• **TASK STATEMENT**
Of the entries below, return exactly those lines that fall between the one containing "Rear view of man looking at sea against sky" and the one containing "Detalhe da camisa", the two end lines included.
╭─ ENTRIES SHOWN
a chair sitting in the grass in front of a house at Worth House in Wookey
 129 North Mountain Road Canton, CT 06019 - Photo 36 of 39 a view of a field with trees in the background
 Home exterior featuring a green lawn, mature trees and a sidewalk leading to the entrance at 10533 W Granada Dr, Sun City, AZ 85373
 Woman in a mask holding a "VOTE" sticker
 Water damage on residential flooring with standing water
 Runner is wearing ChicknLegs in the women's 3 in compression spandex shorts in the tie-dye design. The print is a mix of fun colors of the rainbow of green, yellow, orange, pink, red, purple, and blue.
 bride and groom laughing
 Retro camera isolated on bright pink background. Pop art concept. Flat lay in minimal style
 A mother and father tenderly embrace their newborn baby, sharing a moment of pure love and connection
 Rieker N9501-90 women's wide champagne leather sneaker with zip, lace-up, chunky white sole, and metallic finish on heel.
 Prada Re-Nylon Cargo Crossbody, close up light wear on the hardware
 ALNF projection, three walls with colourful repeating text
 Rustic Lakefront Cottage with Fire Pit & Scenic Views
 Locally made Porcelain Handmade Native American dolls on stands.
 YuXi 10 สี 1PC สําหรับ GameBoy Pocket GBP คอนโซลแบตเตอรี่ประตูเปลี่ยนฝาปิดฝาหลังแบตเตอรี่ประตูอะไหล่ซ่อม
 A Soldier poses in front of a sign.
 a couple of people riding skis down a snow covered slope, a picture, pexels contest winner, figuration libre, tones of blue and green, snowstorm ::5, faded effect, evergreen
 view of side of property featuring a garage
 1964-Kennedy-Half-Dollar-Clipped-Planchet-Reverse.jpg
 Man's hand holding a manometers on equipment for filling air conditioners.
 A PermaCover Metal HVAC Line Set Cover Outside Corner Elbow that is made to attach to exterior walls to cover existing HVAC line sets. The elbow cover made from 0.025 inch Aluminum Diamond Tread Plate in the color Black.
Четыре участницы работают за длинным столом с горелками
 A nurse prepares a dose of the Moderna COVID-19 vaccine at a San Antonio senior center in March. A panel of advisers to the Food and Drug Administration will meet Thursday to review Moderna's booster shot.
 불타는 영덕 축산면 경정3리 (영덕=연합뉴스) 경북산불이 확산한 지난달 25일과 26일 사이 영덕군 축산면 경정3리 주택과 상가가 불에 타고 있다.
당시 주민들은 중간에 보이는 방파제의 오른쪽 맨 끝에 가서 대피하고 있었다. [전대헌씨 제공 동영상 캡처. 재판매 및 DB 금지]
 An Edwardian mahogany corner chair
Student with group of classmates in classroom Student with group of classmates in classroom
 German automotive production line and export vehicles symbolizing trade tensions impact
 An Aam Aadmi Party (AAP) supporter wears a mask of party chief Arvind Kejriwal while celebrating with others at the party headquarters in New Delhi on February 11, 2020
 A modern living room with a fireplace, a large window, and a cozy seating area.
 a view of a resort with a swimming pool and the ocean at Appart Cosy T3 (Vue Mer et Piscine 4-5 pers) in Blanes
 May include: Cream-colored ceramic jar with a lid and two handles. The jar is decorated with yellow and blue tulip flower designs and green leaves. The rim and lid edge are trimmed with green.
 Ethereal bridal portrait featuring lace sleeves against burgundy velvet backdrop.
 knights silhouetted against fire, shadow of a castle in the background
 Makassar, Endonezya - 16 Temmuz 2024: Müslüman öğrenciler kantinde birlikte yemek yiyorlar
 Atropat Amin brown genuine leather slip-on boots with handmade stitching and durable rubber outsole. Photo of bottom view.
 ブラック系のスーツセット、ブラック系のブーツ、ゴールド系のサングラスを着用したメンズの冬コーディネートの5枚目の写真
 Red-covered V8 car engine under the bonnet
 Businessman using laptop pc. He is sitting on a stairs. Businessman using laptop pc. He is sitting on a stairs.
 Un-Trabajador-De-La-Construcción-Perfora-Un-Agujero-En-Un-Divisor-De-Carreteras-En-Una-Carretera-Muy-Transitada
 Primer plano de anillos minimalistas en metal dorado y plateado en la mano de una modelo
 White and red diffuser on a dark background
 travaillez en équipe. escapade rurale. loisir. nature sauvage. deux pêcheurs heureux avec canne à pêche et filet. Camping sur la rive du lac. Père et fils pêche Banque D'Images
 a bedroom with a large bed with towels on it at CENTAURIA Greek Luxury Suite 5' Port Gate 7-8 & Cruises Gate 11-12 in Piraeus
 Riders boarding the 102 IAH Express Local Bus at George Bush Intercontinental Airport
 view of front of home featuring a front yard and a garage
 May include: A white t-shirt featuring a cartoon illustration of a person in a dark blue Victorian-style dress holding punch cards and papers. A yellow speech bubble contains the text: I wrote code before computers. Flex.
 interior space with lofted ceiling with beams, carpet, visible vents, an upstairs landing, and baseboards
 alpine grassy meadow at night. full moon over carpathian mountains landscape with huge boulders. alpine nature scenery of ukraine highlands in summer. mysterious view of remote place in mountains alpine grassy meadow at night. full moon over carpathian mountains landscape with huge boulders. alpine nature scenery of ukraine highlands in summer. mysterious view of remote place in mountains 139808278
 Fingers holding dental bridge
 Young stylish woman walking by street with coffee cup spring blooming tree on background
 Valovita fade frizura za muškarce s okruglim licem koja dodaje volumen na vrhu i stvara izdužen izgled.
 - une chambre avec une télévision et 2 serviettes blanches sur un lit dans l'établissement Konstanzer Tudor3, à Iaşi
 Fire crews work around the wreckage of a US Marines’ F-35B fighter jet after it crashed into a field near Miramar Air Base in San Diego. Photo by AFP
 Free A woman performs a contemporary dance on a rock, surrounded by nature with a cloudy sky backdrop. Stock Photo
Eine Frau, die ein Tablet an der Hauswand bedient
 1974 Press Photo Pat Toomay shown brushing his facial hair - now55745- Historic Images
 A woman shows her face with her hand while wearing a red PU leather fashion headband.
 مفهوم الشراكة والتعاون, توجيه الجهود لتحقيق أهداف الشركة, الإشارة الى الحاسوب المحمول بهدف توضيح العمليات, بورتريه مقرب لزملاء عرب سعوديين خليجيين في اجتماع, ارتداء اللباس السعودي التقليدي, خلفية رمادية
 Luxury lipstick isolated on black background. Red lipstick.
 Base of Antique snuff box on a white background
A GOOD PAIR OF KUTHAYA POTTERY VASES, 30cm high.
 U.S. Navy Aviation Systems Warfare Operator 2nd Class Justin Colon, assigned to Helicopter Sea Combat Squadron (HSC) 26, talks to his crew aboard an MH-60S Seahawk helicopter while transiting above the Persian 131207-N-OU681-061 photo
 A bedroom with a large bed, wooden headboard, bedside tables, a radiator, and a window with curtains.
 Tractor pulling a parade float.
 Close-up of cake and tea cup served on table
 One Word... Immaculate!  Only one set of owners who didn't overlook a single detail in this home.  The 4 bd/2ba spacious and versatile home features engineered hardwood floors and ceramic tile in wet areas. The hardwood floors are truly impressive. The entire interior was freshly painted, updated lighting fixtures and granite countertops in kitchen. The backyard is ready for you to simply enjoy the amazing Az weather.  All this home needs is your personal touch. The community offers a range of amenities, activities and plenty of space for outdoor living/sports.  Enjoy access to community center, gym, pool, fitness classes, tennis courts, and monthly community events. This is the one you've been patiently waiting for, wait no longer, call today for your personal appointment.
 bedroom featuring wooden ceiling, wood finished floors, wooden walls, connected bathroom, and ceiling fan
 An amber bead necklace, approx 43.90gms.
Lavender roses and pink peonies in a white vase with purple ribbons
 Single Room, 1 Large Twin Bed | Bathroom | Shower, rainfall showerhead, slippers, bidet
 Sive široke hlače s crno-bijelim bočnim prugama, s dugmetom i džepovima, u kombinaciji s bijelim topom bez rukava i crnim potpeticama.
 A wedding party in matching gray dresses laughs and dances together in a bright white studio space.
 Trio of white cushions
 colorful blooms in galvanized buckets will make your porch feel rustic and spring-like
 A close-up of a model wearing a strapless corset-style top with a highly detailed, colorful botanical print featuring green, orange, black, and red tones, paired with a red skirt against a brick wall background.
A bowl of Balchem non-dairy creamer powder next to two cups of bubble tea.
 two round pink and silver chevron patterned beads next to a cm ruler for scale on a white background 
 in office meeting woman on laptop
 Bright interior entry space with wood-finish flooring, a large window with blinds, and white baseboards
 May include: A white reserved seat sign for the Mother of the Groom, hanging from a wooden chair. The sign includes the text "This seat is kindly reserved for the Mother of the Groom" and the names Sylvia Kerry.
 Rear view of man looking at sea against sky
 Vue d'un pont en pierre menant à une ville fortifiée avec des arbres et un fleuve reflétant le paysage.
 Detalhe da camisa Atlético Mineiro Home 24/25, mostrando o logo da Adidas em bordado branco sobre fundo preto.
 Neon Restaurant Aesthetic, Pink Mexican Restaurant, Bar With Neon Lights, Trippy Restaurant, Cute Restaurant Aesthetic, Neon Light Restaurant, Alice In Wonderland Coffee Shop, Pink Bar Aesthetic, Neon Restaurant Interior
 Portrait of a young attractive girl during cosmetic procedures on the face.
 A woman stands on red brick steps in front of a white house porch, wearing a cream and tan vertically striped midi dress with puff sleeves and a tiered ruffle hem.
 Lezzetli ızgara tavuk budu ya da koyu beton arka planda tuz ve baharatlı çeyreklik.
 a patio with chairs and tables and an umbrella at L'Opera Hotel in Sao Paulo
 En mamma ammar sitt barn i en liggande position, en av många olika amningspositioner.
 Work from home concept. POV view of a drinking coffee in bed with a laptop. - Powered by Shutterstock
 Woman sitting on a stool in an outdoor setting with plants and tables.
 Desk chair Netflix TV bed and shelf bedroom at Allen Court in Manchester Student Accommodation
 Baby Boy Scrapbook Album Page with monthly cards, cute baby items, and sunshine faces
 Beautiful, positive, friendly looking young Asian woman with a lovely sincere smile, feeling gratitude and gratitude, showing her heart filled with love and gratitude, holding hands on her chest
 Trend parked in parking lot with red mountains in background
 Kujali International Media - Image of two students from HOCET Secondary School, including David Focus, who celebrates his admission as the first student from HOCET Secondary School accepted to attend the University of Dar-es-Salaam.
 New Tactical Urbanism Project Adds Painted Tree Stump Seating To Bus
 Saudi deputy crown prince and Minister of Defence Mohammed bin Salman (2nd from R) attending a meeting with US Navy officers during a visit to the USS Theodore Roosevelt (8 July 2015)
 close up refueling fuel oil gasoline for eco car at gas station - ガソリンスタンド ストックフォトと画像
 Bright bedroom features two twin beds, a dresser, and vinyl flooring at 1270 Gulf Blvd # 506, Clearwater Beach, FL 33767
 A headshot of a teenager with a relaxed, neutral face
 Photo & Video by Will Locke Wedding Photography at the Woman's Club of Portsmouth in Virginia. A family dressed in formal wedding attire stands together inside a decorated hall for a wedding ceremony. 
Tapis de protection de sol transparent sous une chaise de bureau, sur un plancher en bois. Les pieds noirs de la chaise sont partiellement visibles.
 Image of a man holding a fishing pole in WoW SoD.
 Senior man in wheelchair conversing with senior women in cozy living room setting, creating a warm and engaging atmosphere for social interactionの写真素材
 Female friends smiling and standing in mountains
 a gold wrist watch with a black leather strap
╰─
• **WRITTEN ANSWER**
 Rear view of man looking at sea against sky
 Vue d'un pont en pierre menant à une ville fortifiée avec des arbres et un fleuve reflétant le paysage.
 Detalhe da camisa Atlético Mineiro Home 24/25, mostrando o logo da Adidas em bordado branco sobre fundo preto.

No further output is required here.